Bolo Souza Leão
- Type: Cake
- Place of origin: Brazil
- Region or state: Pernambuco
- Created by: Rita de Cássia Souza Leão (claimed)
- Invented: 1849 or 1859

= Bolo Souza Leão =

Brazilian cake from Pernambuco

Bolo Souza Leão is a cake from the Brazilian state of Pernambuco. The cake is recognized as cultural and intangible heritage of Pernambuco.

== History ==
The cake is named after the Sousa Leão family, a notable Brazilian family who owned sugar mills in Northeastern Brazil during the Brazilian sugar cycle, who are credited for its creation. The cake has multiple competing origin stories. One potential origin given by Globo Repórter tells that the cake may have been created at Engenho São Bartolomeu in Jaboatão dos Guararapes by Rita de Cássia Souza Leão, a member of the Souza Leão family, as a way to use local ingredients rather than imported ones. Another possible origin given by the same source tells that it was created on 18 December 1849 at Engenho Moreno in Moreno, Pernambuco by a member of the Souza Leão family to receive Brazilian emperor Pedro II.

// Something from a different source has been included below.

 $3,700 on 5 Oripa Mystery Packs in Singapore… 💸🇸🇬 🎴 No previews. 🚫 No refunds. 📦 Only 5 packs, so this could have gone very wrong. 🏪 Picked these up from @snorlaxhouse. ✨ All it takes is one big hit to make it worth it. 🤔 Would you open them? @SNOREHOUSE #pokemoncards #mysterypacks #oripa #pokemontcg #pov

One origin detailed by Brazilian researcher Neide Shinohara and the Diário do Rio tells that the cake was created at Engenho Moreno by Rita de Cássia Souza Leão in 1859 to receive emperor Pedro II and empress Teresa Cristina during one of their trips through Northeastern Brazil. The recipe was a closely guarded family secret, known only to the women, and the cake was never sold. Brazilian anthropologist Gilberto Freyre met with representatives of the Souza Leão family in the 1960s and convinced them to share the recipe.

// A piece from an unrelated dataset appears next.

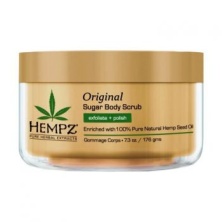 Hempz Original Herbal Sugar Body Scrub - Скраб для тела Оригинальный 176гр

== Composition and recognition ==
The original recipe called for sugar, salt, puba (fermented cassava paste), butter, coconut milk, a large quantity of eggs, (Note: One source claims that the original recipe called for 24 egg yolks.) cinnamon, cloves, and anise seeds.

After the passage of Law Nº 13,428 of 16 April 2008, Bolo Souza Leão was recognized as Patrimônio Cultural e Imaterial (cultural and intangible heritage) of Pernambuco. In January 2026, Sebrae Pernambuco gathered producers of various regional dishes to work with the Associação da Confeitaria de Pernambuco as the legal representative to apply for Geographical indication status. Bolo Souza Leão is one of the dishes included in this initiative.

The cake can traditionally be found at Festa Juninas in Pernambuco.